Den Anfang bildete ja unser Restaurant Tabua D’ aco, doch schon kurze Zeit später feierte das Unternehmen Z-Cork seine Geburtsstunde. Wir sind hier mit einem Freund im kleinen gestartet und hatten ein paar Top-Winzer, die unsere Korken gekauft haben. Doch in Österreich ist es zwingend notwendig, für einen namhaften Korkenhersteller die HACCP- Zertifizierung zu besitzen, ein internationaler Standard mit Anforderungen für eine wirksame Kontrolle der Lebensmittelsicherheit. So mussten wir wechseln und haben dann mit einem Freund auf Z-Cork umgestellt und mittlerweile sind wir die Nummer 1 auf dem Markt der Naturkorken. Und obwohl wir mittlerweile 13 Millionen Korken im Jahr verkaufen, sind wir weiterhin ein kleines und qualitativ hochwertiges Unternehmen am Markt der Global Player. Ein schönes Beispiel dafür ist, dass wir sogar drei Sommelier-Frauen eingestellt haben, die nach der Produktion, nach dem Erhitzen mit Infrarot, riechen, ob der Korken zu unseren Top-Winzern passt.

Aber dies sind ja noch nicht alle Unternehmungen von Dir?

Das stimmt, denn vor drei Jahren haben wir unser kleines Boutique-Hotel eröffnet, vielleicht mit Corona ein unglücklicher Zeitpunkt, aber mittlerweile läuft es schon wieder sehr gut. Und der Bestseller ist natürlich unser Restaurant, besonders, weil ich mittlerweile auch eine eigene Kochshow im Fernsehen habe. Dort koche ich drei Mal im Monat sehr rustikal, denn bei mir wird nichts weggeschmissen. Ich koche im Fernsehen sehr oft mit Resten und zeige, was für tolle Gerichte daraus zubereitet werden können.

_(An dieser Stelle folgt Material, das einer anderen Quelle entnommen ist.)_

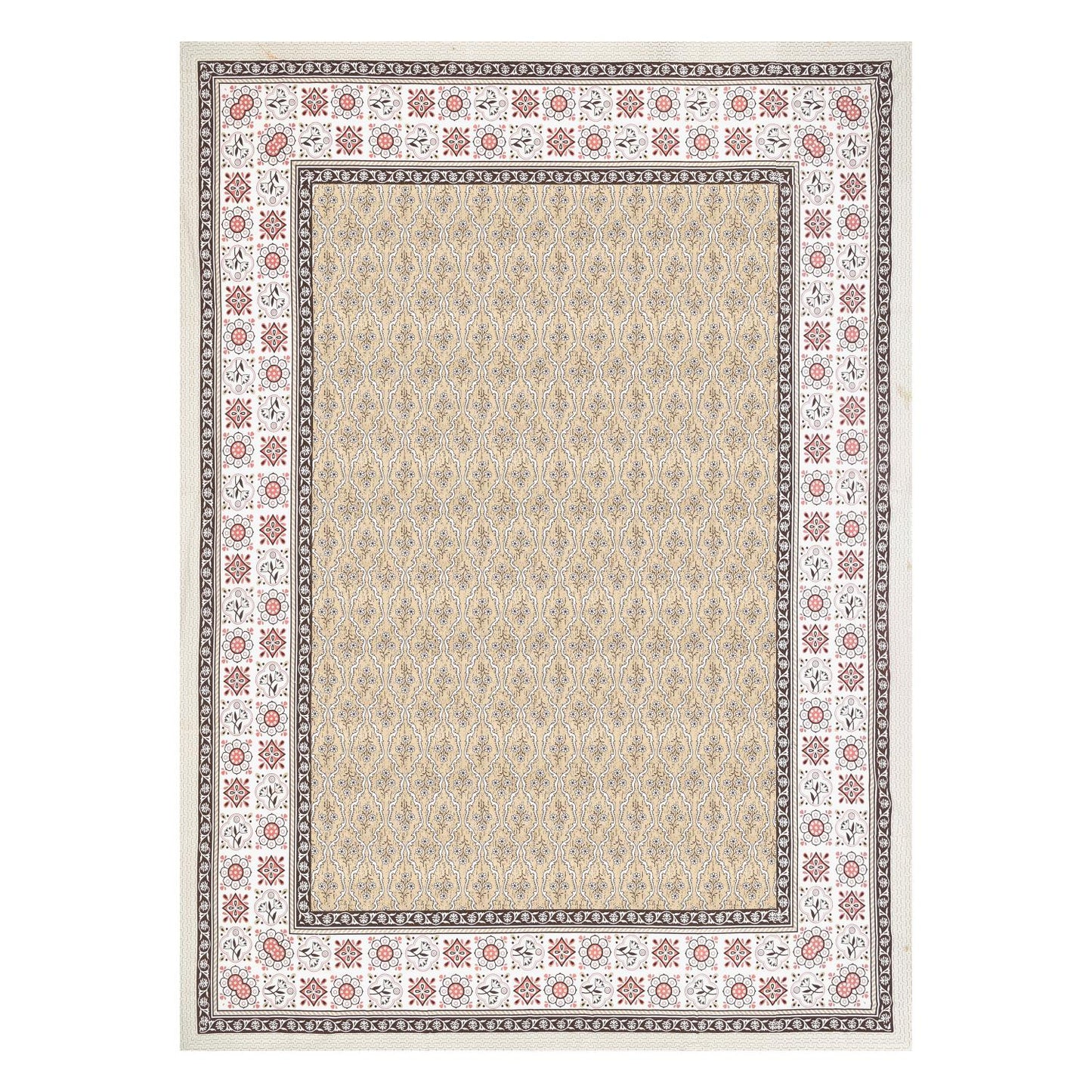 Cotton Jaipuri Diwan Size  Bedsheet With 2 Zipper Pillow Cover (Size 70*100)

So geben wir zum Beispiel die Essensreste für die Schweine des Nachbarn und es wird später wieder zurückgetauscht, indem wir wieder frische Tomaten, Zitronen oder Kohl entsprechend der Jahreszeit erhalten. Und dies erfüllt ja wieder unseren nachhaltigen Gedanken, denn wir müssen nicht mehr so viel einkaufen, und weil es vom Nachbar ist, sparen wir wieder CO2.

Einfach klasse dieser Kreislauf! Doch ich unterbreche kurz, denn dies ist ja immer noch nicht alles bei deinen unternehmerischen Tätigkeiten, da gibt es ja auch noch eine Weinsparte Vinho Verde mit zwei Weinsorten.

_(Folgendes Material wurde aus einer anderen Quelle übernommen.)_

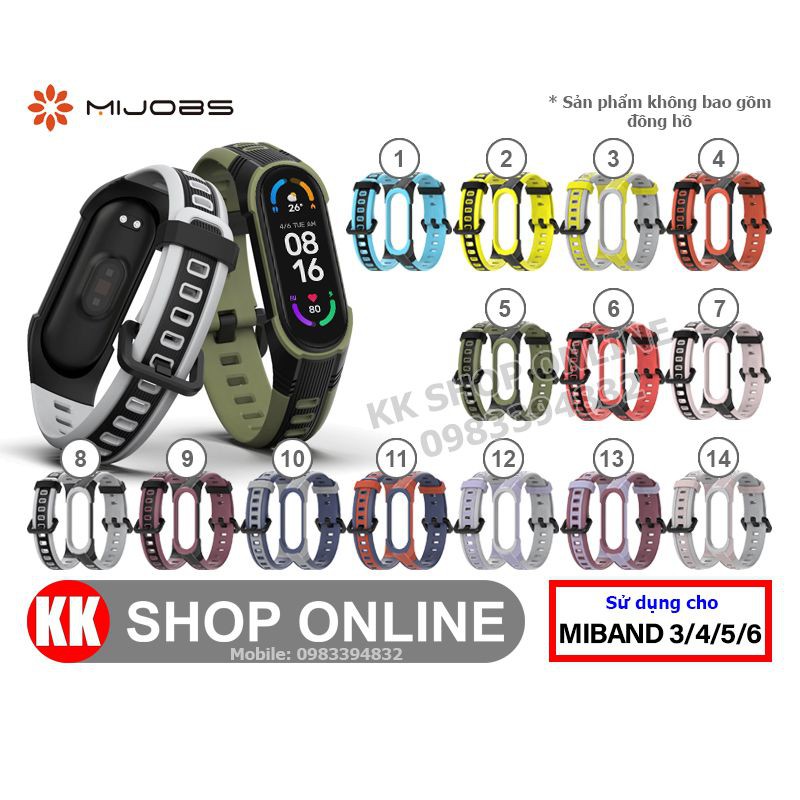 Dây đeo miband MIJOBS Pulseira Global Version XStyle cho Xiaomi Miband 3 4 5 6 7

(lächelt kurz) Ja genau, der Vinho Verde mit zwei verschiedenen Marken, das ist zum einen der „Portugal Elements“, die Hauptmarke im Supermarkt und Weingeschäft und dann noch die Exklusivmarke „Chefe Thomas Egger“, die verbunden ist mit dem „Olivenöl Chefe Thomas Egger“, die nur in den Top-Hotels und –Restaurants Österreichs vertrieben wird.

Kleine Ergänzung, und jetzt auch auf Mallorca in der wunderbaren Location „Sa Cova“ deines Bruders Sigi Egger in Cala Ratjada.

Und direkt eine Frage, da haben wir ja wieder einen neuen Unternehmenszweig mit dem Olivenöl?

Das stimmt, diese Marke ist vor ca. fünfzehn Jahren entstanden

Es ist absolut spannend, wie viele Geschäftsfelder Du bedienst, da stellt sich mir die Frage, wie viele Mitarbeiter sind heute in deinem Unternehmen?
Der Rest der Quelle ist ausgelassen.